Related: How to Consistently Exceed Customer Expectations and Build Unshakeable Trust
3. Purpose helps you stay steady when it counts
Every company that survives for decades will have difficult periods, and that’s just how it is. In those moments, a clear purpose helps you stay steady. This is where a daily habit pays off. Because we have done it every day, it doesn’t feel “extra” for us.
For other companies, the temptation is to immediately look at the bottom line and identify these donations as a ‘cost’ that can be cut. It is often the easiest line item to slash. A purpose‑driven mindset changes this perspective. From being a cost, it becomes an investment in the ecosystem that supports your business and your staff. And because community is central to our work, even hard weeks don’t make us turn inward. They sharpen our focus and push us to show up stronger for our customers and the neighborhoods we serve.
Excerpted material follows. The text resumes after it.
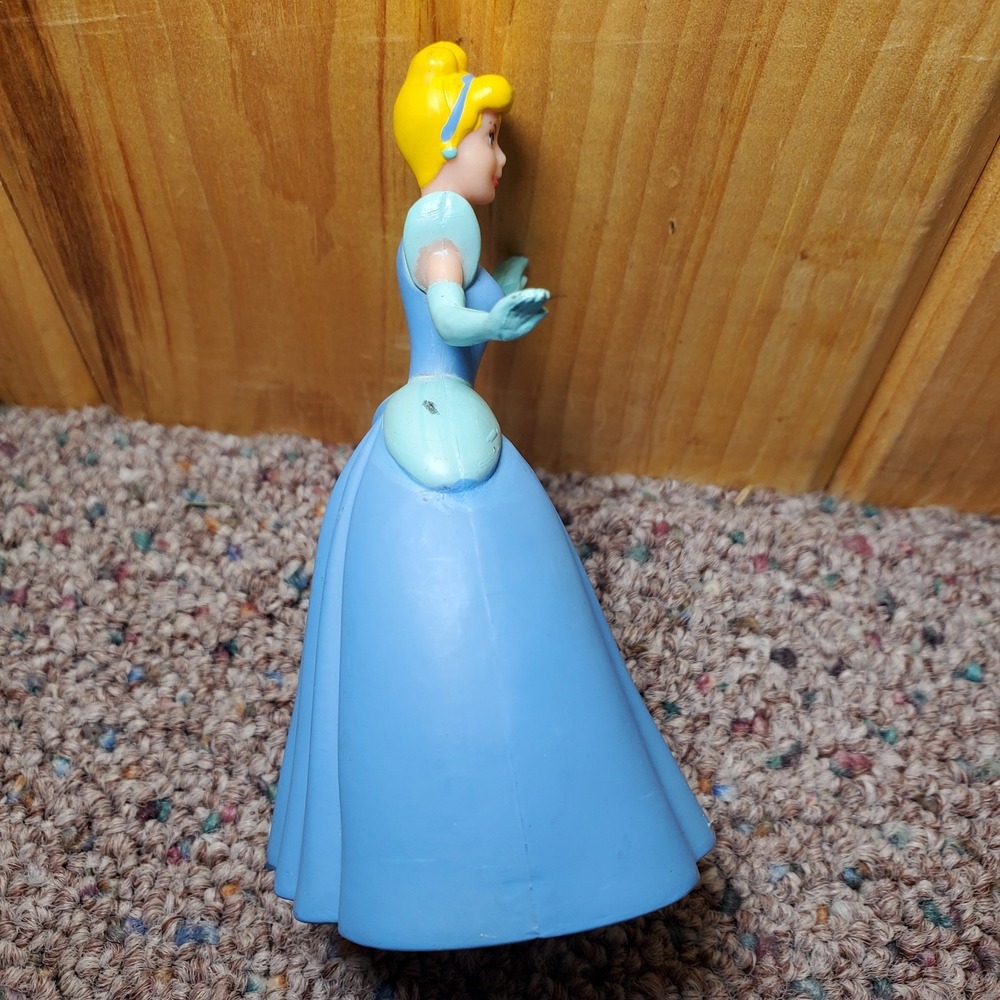 Disney Cinderella Stepsisters Prince Cake Topper PVC Figurine Anastasia Drizella - Picture 5 of 15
That shifts the conversation to not only “Where can we cut costs?” but also to “What protects service, quality, and the people who count on us?”
Whatever the answer is, it always sets the order of work. It keeps the team focused, and it builds real resilience. As an entrepreneur, when you know why you show up each day, growth always feels steady and purposeful, whatever it may look like.
Key Takeaways
- Consistent actions, not words, build authentic trust with customers over time.
- Teams learn company values through observed habits, not manuals or memos.
- A clear purpose guides decisions, strengthens resilience and sustains community focus.
Seventy-five years in business is no small feat, and our family owns that with pride. Since 1947, we have kept the ovens warm through the 1970s inflation, the 1994 Northridge earthquake, the 2008–09 recession and the COVID-19 pandemic. Not every food vendor made it through those turns.
The pandemic was a different battle. As a federally recognized essential business, we stayed open, but customers couldn’t stay inside the stores for long. They had to grab their orders and go. It was a tough shift, but we didn’t give up. We adjusted quickly to online ordering, delivery and everything. The real challenge was proving we could still be there for our community while maintaining six feet of distance, of course.